Human genetic susceptibility to infectious disease

Abstract: Recent genome-wide studies have reported novel associations between common polymorphisms and susceptibility to many major infectious diseases in humans In parallel, an increasing number of rare mutations underlying susceptibility to specific phenotypes of infectious disease have been described Together, these developments have highlighted a key role for host genetic variation in determining the susceptibility to infectious disease They have also provided insights into the genetic architecture of infectious disease susceptibility and identified immune molecules and pathways that are directly relevant to the human host defence

Genome-wide and fine-resolution association analysis of malaria in West Africa

Abstract: We report a genome-wide association (GWA) study of severe malaria in The Gambia.
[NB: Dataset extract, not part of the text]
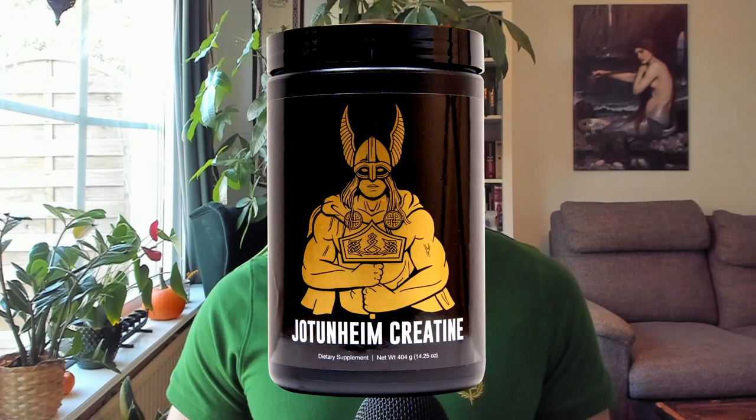A note on supplements: you can take creatine monohydrate. It is completely safe and will give you a slight advantage in athletic performance, so it can be a good idea. We have it available in America now as well — check out all the links in the description box below. It's not magic and won't make a world of difference, but when we're talking about a tough schedule like Smolov Jr, every little bit counts. Every little bit can be the difference between managing a session or failing a session, so taking creatine monohydrate can be a good idea.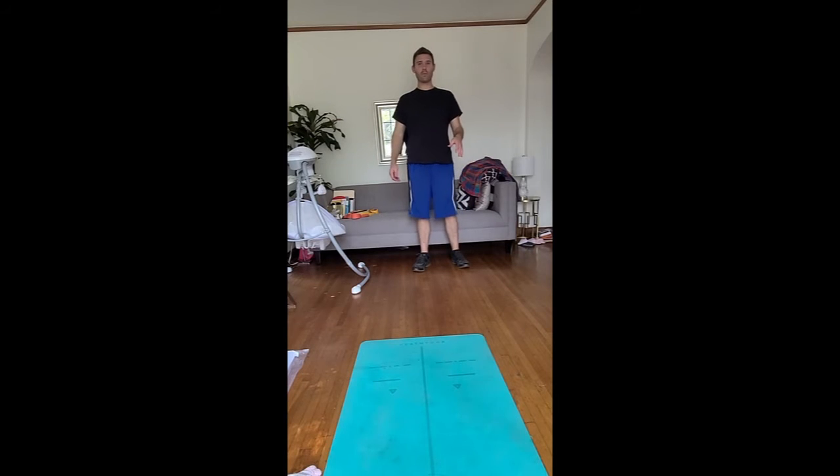Hey everyone, time for us to get a little warm up in, so let's get right into it. Start walking in place, shake it out a little bit, shake out your arms, shake out your legs, keep moving, stretch out a little bit sideways.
The initial GWA scan included 2,500 children genotyped on the Affymetrix 500K GeneChip, and a replication study included 3,400 children. We used this to examine the performance of GWA methods in Africa. We found considerable population stratification, and also that signals of association at known malaria resistance loci were greatly attenuated owing to weak linkage disequilibrium (LD). To investigate possible solutions to the problem of low LD, we focused on the HbS locus, sequencing this region of the genome in 62 Gambian individuals and then using these data to conduct multipoint imputation in the GWA samples. This increased the signal of association, from P = 4 × 10(-7) to P = 4 × 10(-14), with the peak of the signal located precisely at the HbS causal variant. Our findings provide proof of principle that fine-resolution multipoint imputation, based on population-specific sequencing data, can substantially boost authentic GWA signals and enable fine mapping of causal variants in African populations.